Loads a model into memory. If another model is currently loaded, it is unloaded first. Returns the load time and VRAM usage.

Parameters

modelstringrequiredModel path or HuggingFace identifier

Response

{
  "success": true,
  "model": "llama-3.3-70b",
  "load_time_ms": 4200,
  "vram_gb": 38.7
}

Unload Model

POST/admin/models/unload

Unloads the currently loaded model, freeing VRAM. After unloading, /readyz will return 503 until a new model is loaded.

Response

{
  "success": true,
  "freed_vram_gb": 18.4
}

Metrics Stream

GET/admin/events

Server-Sent Events stream of real-time metrics. Emits throughput, VRAM usage, and inference status events. Used by the Opta Local Web dashboard for live monitoring.

SSE metrics
data: {"type":"throughput","tokens_per_second":45.2,"active_requests":1}

data: {"type":"memory","vram_used_gb":18.4,"vram_total_gb":192.0,"pct":9.6}

data: {"type":"heartbeat","uptime":3600}

Error Codes

LMX returns standard HTTP status codes with a JSON error body:

json
{
  "error": {
    "code": "no-model-loaded",
    "message": "No model is currently loaded.
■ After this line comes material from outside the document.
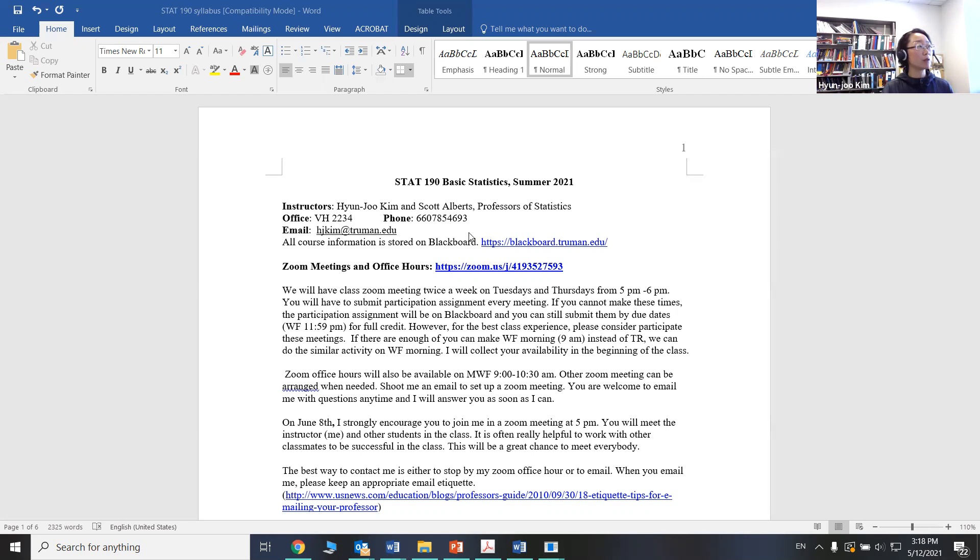You probably will use mostly email or Zoom, but there are my other contact information.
Call POST /admin/models/load first."
  }
}
CodeHTTPDescription
no-model-loaded503No model in memory. Load one first.
model-not-found404Requested model not found on disk.
storage-full507Insufficient disk space for model download.
lmx-timeout504Inference timed out (model took too long).
oom-unloaded503Model was unloaded due to OOM pressure.
invalid-request400Malformed request body or missing fields.